Banque engagée, le Crédit Agricole contribue à façonner une économie durable. Eric Campos (DEA de prospective – 1989), directeur de l’engagement sociétal, et membre du Comex de Crédit Agricole SA nous explique les contours de cette stratégie.
La transition climatique s’impose à toutes les entreprises. Quel est le positionnement du Crédit Agricole sur ce sujet ?
Notre plan de transition s’appuie sur les deux leviers recommandés par la science du climat : remplacement des énergies fossiles par du renouvelable et sobriété énergétique. Il se structure en trois composantes :
La première est de concentrer nos moyens financiers sur le soutien aux énergies renouvelables. Déjà 1er financeur privé et 1er investisseur dans les Energies renouvelables en France, le Crédit Agricole y oriente fortement ses moyens financiers. Entre 1997 et 2023, nous aurons contribué à la construction, via la mise en place de financements, d’une puissance installée de 108,6 GW d’énergie renouvelable, soit, près de deux fois la capacité de production d’énergie renouvelable actuelle en France (62 GW) et à peu de choses près, 50% de la capacité de production d’énergie renouvelable que nous devrions installer en France d’ici 2050.

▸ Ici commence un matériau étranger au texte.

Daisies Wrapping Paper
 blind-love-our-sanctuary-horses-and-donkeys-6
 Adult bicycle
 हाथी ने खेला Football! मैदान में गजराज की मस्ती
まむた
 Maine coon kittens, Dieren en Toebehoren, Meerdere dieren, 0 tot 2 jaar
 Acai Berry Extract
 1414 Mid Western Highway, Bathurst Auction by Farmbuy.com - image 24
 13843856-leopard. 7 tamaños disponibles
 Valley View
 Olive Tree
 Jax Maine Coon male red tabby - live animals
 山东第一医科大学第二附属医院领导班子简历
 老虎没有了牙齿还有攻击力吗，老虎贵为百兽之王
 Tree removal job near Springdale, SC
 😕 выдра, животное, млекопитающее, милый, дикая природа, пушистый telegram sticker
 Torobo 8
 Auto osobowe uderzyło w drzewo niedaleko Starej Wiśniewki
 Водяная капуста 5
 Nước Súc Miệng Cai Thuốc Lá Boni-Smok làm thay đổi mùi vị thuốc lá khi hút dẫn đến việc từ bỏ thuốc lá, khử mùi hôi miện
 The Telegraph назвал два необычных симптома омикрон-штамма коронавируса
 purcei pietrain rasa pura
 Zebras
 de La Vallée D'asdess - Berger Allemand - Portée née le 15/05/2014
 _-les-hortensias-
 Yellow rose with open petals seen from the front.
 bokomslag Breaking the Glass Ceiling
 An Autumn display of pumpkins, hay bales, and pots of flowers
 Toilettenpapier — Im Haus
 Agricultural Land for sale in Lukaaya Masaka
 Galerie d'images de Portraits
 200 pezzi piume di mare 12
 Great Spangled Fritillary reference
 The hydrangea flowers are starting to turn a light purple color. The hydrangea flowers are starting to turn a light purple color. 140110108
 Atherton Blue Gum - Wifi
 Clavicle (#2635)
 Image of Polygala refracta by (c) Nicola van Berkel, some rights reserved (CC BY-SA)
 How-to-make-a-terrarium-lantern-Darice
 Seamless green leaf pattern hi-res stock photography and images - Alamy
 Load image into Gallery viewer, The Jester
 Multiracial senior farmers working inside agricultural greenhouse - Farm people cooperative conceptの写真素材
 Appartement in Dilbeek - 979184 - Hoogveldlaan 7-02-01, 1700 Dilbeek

La deuxième composante, la plus ambitieuse, est celle d’accompagner tous nos clients, dans leur propre trajectoire de transition vers une économie durable, avec des solutions bas-carbone. Pour suivre notre contribution, nous avons élaboré des plans d’actions pour 10 grands secteurs de l’économie permettant de diminuer les émissions financées. Ces 10 secteurs représentent 60% de notre portefeuille de financement.
La troisième composante découle des deux premières, c’est la trajectoire de sortie du financement des énergies fossiles que nous suivons à la fois à travers nos financements et nos émissions financés (les émissions de CO2 de nos clients). Pour y parvenir nous disposons d’une politique sectorielle RSE, actualisée régulièrement selon les études scientifiques, qui fixe une diminution des émissions financées de -75% entre 2020 et 2030. Notre stratégie s’inscrit dans la ligne des préconisations de l’Agence internationale de l’énergie.
Le Crédit Agricole est pourtant controversé par certaines ONG sur sa politique climat. Que répondez-vous ?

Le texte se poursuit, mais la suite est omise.